Latent Bipolarity In Unipolar Depression: Experimental Findings, Conceptual Analysis And Implications For Treatment Strategies.

作者信息

Terziivanova Petya D, Haralanov Svetlozar H

机构信息

First Psychiatric Clinic, St Naum University Hospital of Neurology and Psychiatry, Medical University, Sofia, Bulgaria

出版信息

Folia Med (Plovdiv). 2014 Oct-Dec;56(4):282-8. doi: 10.1515/folmed-2015-0009.

Abstract

INTRODUCTION

Previous studies have suggested that the two opposite poles of psychomotor disturbances in unipolar depression (UD) - retardation and agitation - require different treatment strategies as the psychomotor overactivation requires an augmentation of the antidepressant therapy with mood stabilizers and/or atypical antipsychotics.

OBJECTIVE

The aim of the present study was to objectively identify and measure the psycho-motor disturbances in UD using differentiation between activity and reactivity.

MATERIAL AND METHODS

An equilibriometric movement pattern analysis system that allows differentiation between psychomotor activity and reactivity was applied in 58 unipolar depressive patients and 76 healthy controls.

RESULTS

Compared to controls, the patients as a group were significantly slower in their psychomotor reactivity.
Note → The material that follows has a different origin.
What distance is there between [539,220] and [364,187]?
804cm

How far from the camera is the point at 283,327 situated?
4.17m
However, the subsequent subgrouping according to the direction of deviation of their objective psychomotor parameters revealed a disinhibition of psychomotor activity and/or reactivity in about one half of them. Such a contradictory combination of clinically manifested depressive mood and subclinically detected manic-like psychomotor overactivation might be regarded as belonging to the bipolar spectrum, since it was admitted that manic psychomotor disinhibition in unipolar depressive patients uncovers a latent bipolarity.

CONCLUSION

Not only prototypical depressive inhibition, but also prototypical manic-like disinhibition may underlie clinically manifested UD. Since the combination between depressive mood and psychomotor overactivation multiplies the suicidal risk, we may presume that the timely detection of this combination at a subclinical level would contribute to an earlier and more effective suicidal prevention by an objectively-guided optimization of pharmacological treatment.

摘要

引言

先前的研究表明,单相抑郁症(UD)中精神运动障碍的两个相反极点——迟缓与激越——需要不同的治疗策略,因为精神运动过度激活需要用心境稳定剂和/或非典型抗精神病药物增强抗抑郁治疗。

目的

本研究的目的是通过区分活动和反应性来客观识别和测量UD中的精神运动障碍。

材料与方法

将一种能够区分精神运动活动和反应性的平衡运动模式分析系统应用于58例单相抑郁患者和76例健康对照者。

结果

与对照组相比,患者组的精神运动反应明显较慢。然而,根据其客观精神运动参数的偏离方向进行后续亚组分析发现,其中约一半患者存在精神运动活动和/或反应性的去抑制。这种临床表现为抑郁情绪与亚临床检测到的类躁狂精神运动过度激活的矛盾组合可能被视为属于双相谱系,因为人们承认单相抑郁患者中的躁狂精神运动去抑制揭示了潜在的双相性。

结论

不仅典型的抑郁性抑制,而且典型的类躁狂性去抑制可能是临床表现为UD的基础。由于抑郁情绪与精神运动过度激活的组合会增加自杀风险,我们可以推测,在亚临床水平及时发现这种组合将有助于通过客观指导的药物治疗优化实现更早、更有效的自杀预防。